THE SMILE « Wall of Eyes »
Avec cet album somptueux aux frontières du jazz du space rock progressif The Smile fait partie de ces alchimistes sonic qui expérimentent, créent une musique dotée de sonorités chics et classieuses, a des années-lumière des modes et du temps. Aux commandes de ce nouveau projet, on retrouve Thom Yorke et Jonny Greenwood, les principaux architectes de Radiohead ainsi que le batteur Tom Skinner. Alors forcément ce The Smile ne pouvait que faire sourire notre JCM aux aspirations si éclectiques.
Par Jean-Christophe MARY
Avec son patronyme inspiré d’un poème de Ted Hughes, the Smile est le projet collaboratif de Thom Yorke et Jonny Greenwood (Radiohead) et du batteur d’un groupe de jazz, The Sons of Kemet, Tom Skinner. Après avoir peaufinés leurs titres durant la pandémie du COVID-19, le trio a fait ses débuts live au festival de Glastonbury (2021) avant de sortir un premier album expérimental « A Light for Attracting Attention » (2022), salué par les critiques. Si ce premier disque sonnait entre électro débridée et une certaine rage rock, « Wall of Eyes » est beaucoup plus calme, porté par des chansons nerveuses, des chansons habitées de visions apocalyptiques et autres cauchemars sans nom.

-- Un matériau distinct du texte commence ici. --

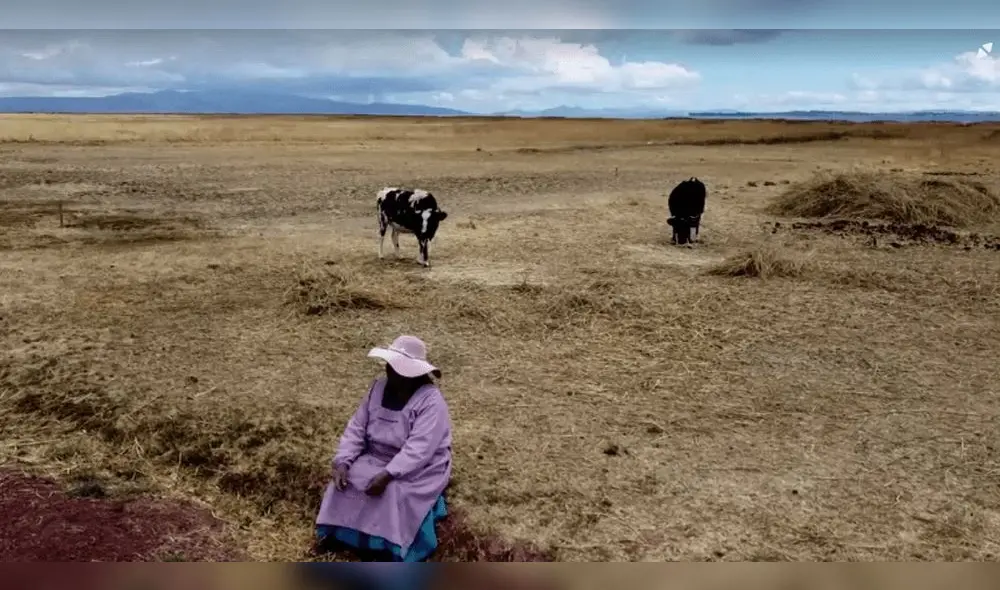 Todo seco. Terrenos de cultivos no se pudieron sembrar en la campaña 2022-2023, debido a la falta de lluvias en la región Puno.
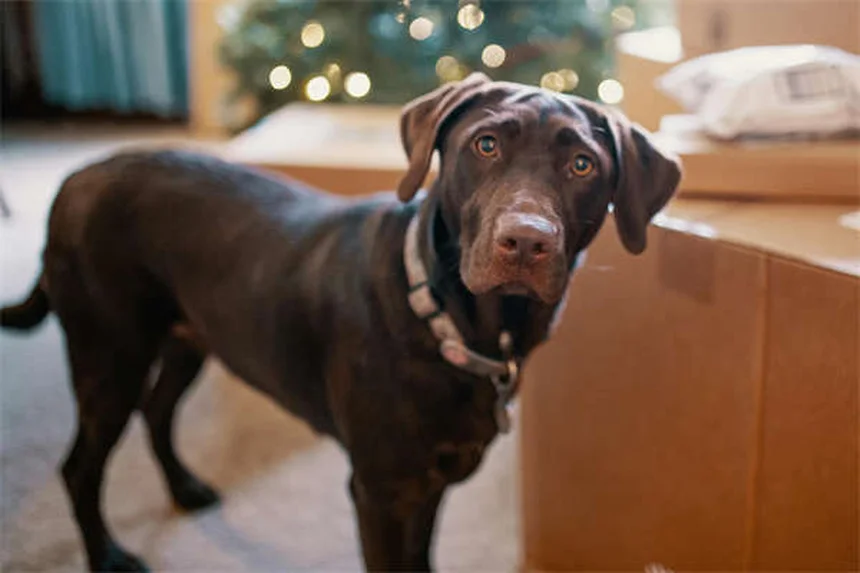Why Is My Dog Scared of Everything? 7 Ways to Build Confidence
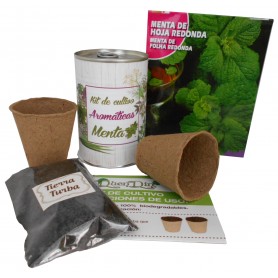 Kit de cultivo Menta para detalles originales invitados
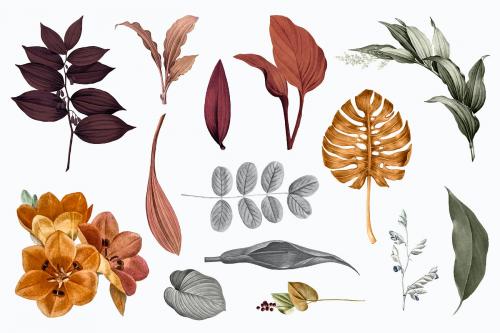 Tropical leaves collection vector set - 1200157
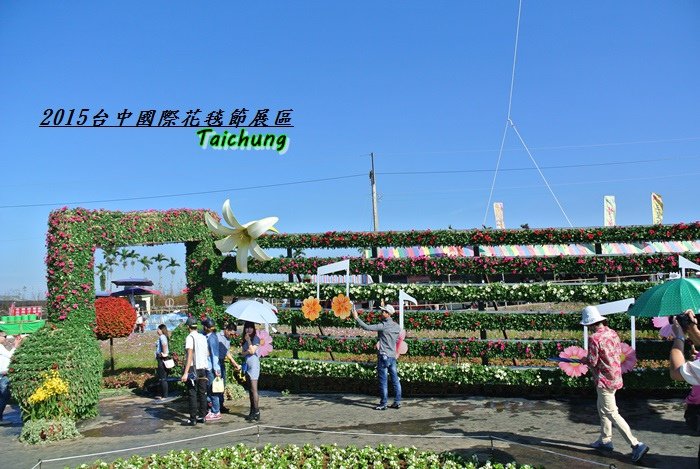 台中新社花海67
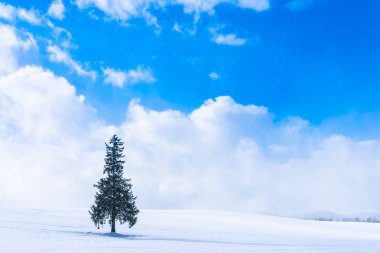 Güzel açık doğa manzara yalnız Sunni Noel ağacı gökyüzü ve bulut ile kar kış hava sezon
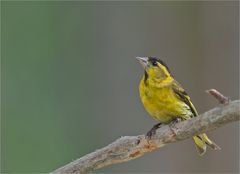 Siskin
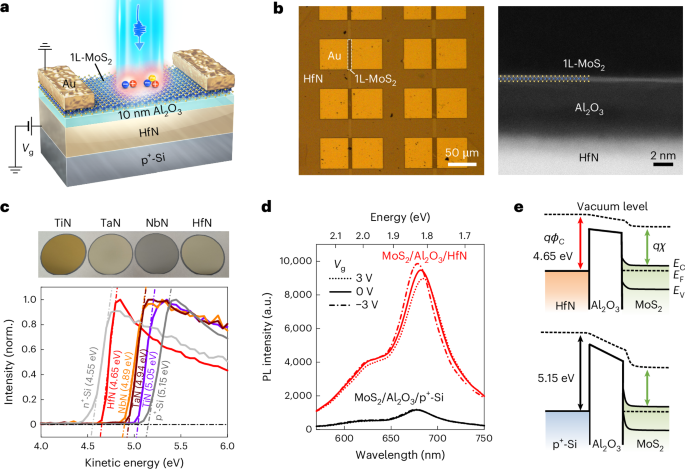 Giant trion modulation in scalable monolayer MoS2 via plasmonic HfN gates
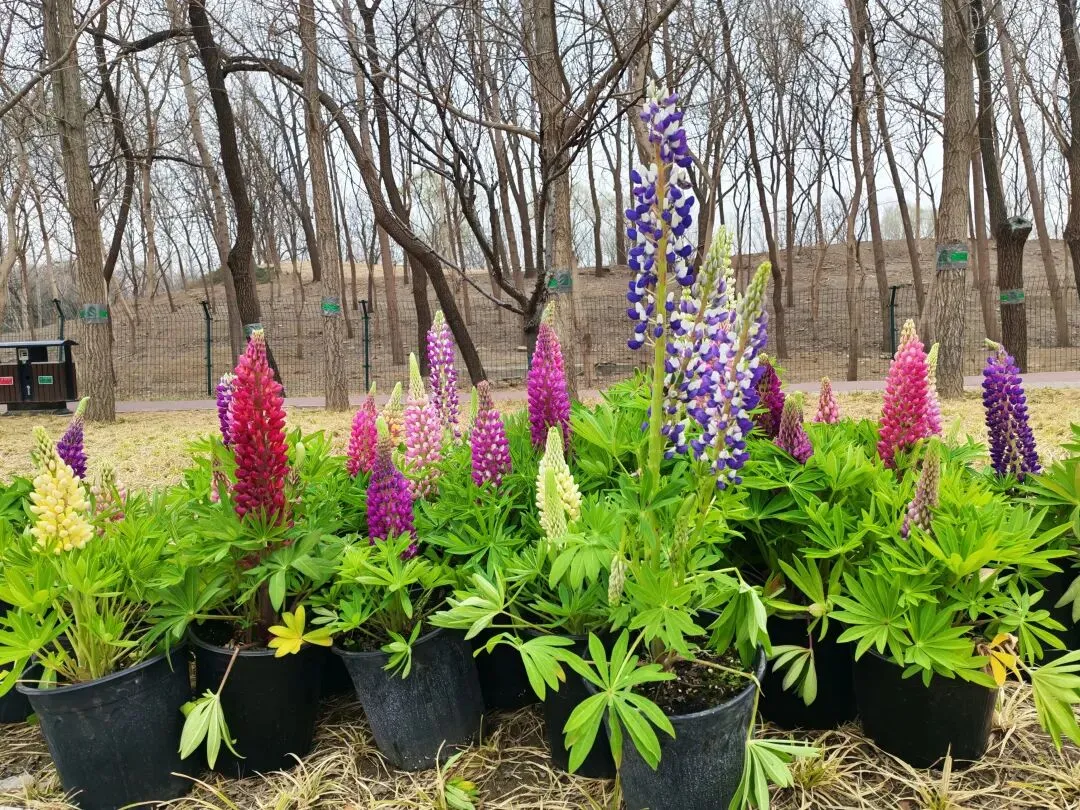 县级邮政,如何走专业营销之路?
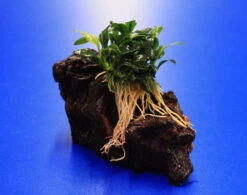 Pangolin-Speerblatt Auf Eisenholz / Anubias Barteri Var. Nana 'Pangolino' Auf Mopani-Wurzel -Wfw Wasserflora 207wf 1 2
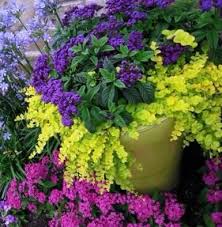 choosing plants for a perennial container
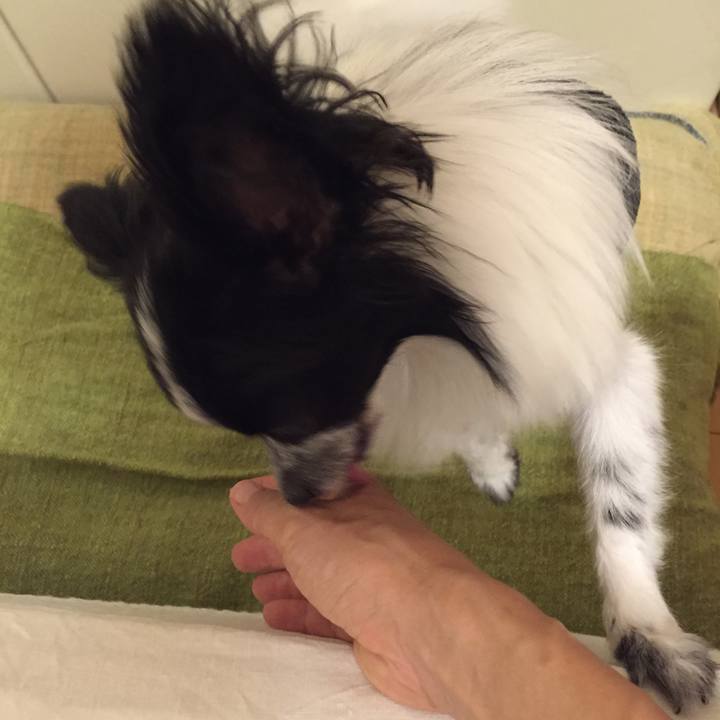 A6d39d92 e18c 4e7d ab86 2c3f3b0fc84b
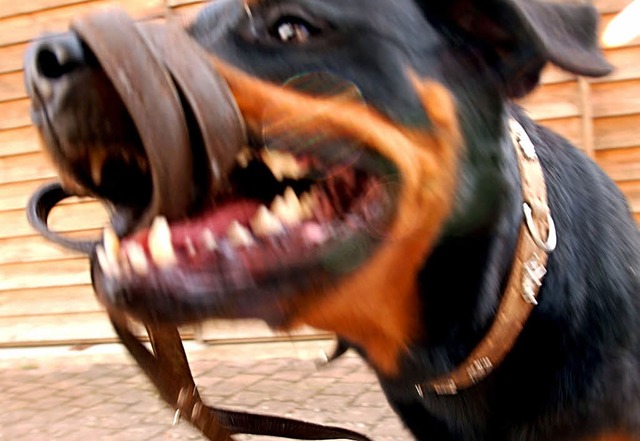 Rottweiler - eine gefhrliche Hunderasse (Archivbild)  | Foto: Joerg Koch
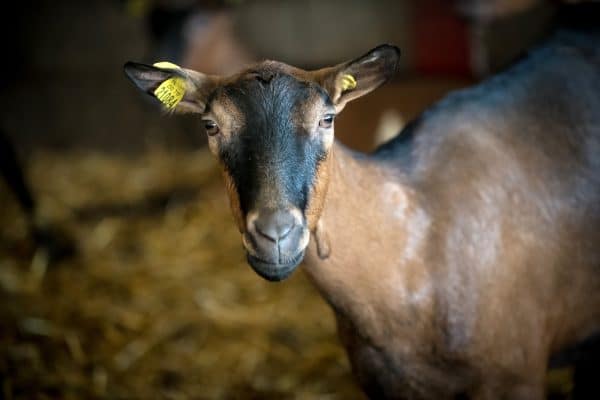 321 Fromagerie Picandine TIM0357 min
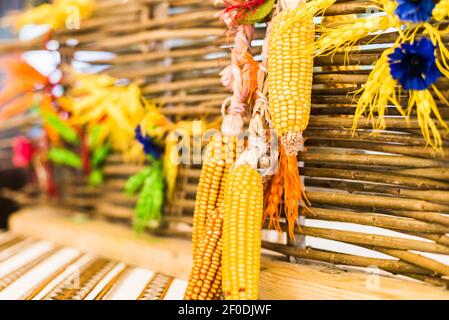 Corn decoration hanging on fence Stock Photo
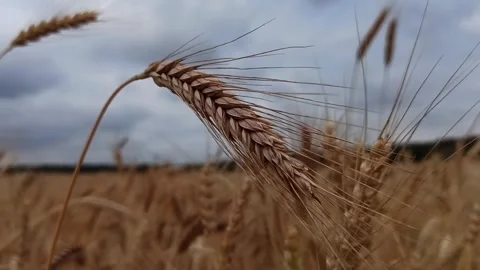 Close-up of a ripe wheat ear swaying in the wind against a cloudy sky Video stock 338203340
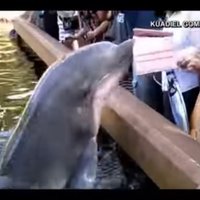 Video: Delfīns parka apmeklētājai Floridā atņem 'iPad'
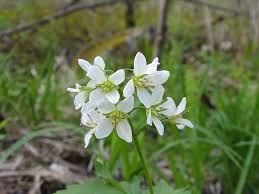 Image result for Cardamine obliqua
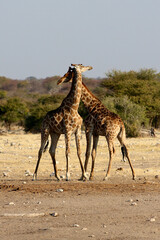 Two giraffes fighting and locking horns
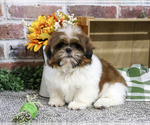 Larkspur - Male Shih Tzu Puppy for Sale - Photo #5
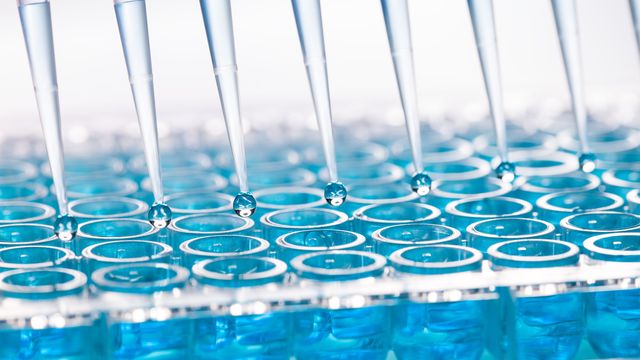 Droplets of liquid falling from pipette tips into a multiwell plate. 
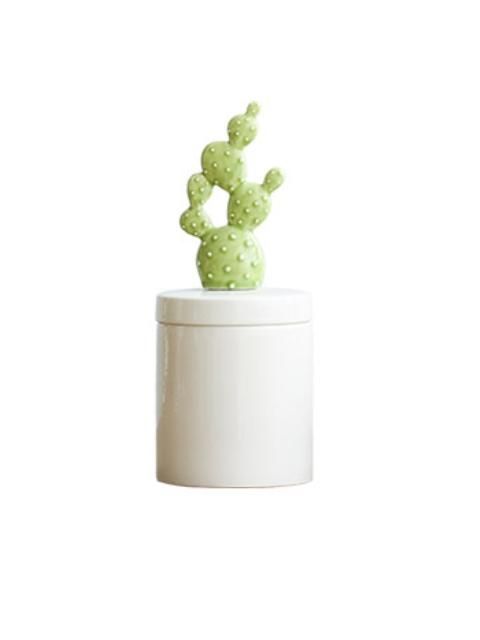 Cofre Cactus Alto-0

Et ça commence dès le titre d’ouverture « Wall Of Eyes » sorte de berceuse aquatique où Thom Yorke exprime toute son anxiété alors que sa voix résonne au milieu d’étranges sonorités electro acoustiques. Dès la première écoute, ces titres expérimentaux pulvérisent les règles de la composition, repoussent encore un peu plus les limites de la pop. La voix tourmentée qui s’appuie sur les dissonances de Radiohead est ici totalement envoûtante. D’emblée, on reconnait la marque de Tom Skinner. Avec cette signature rythmique très particulière. « Teleharmonic » au charme décontracté présente lui une suite d’accords tumultueux, flottants sur une sorte de rythmique latino. Soutenu par des pulsations syncopée et crépitantes « Read the Room » égrène d’abord des arpèges de guitare tourbillonnants, avant de décoller dans une sorte de rock progressif, expérimental et totalement psychédélique.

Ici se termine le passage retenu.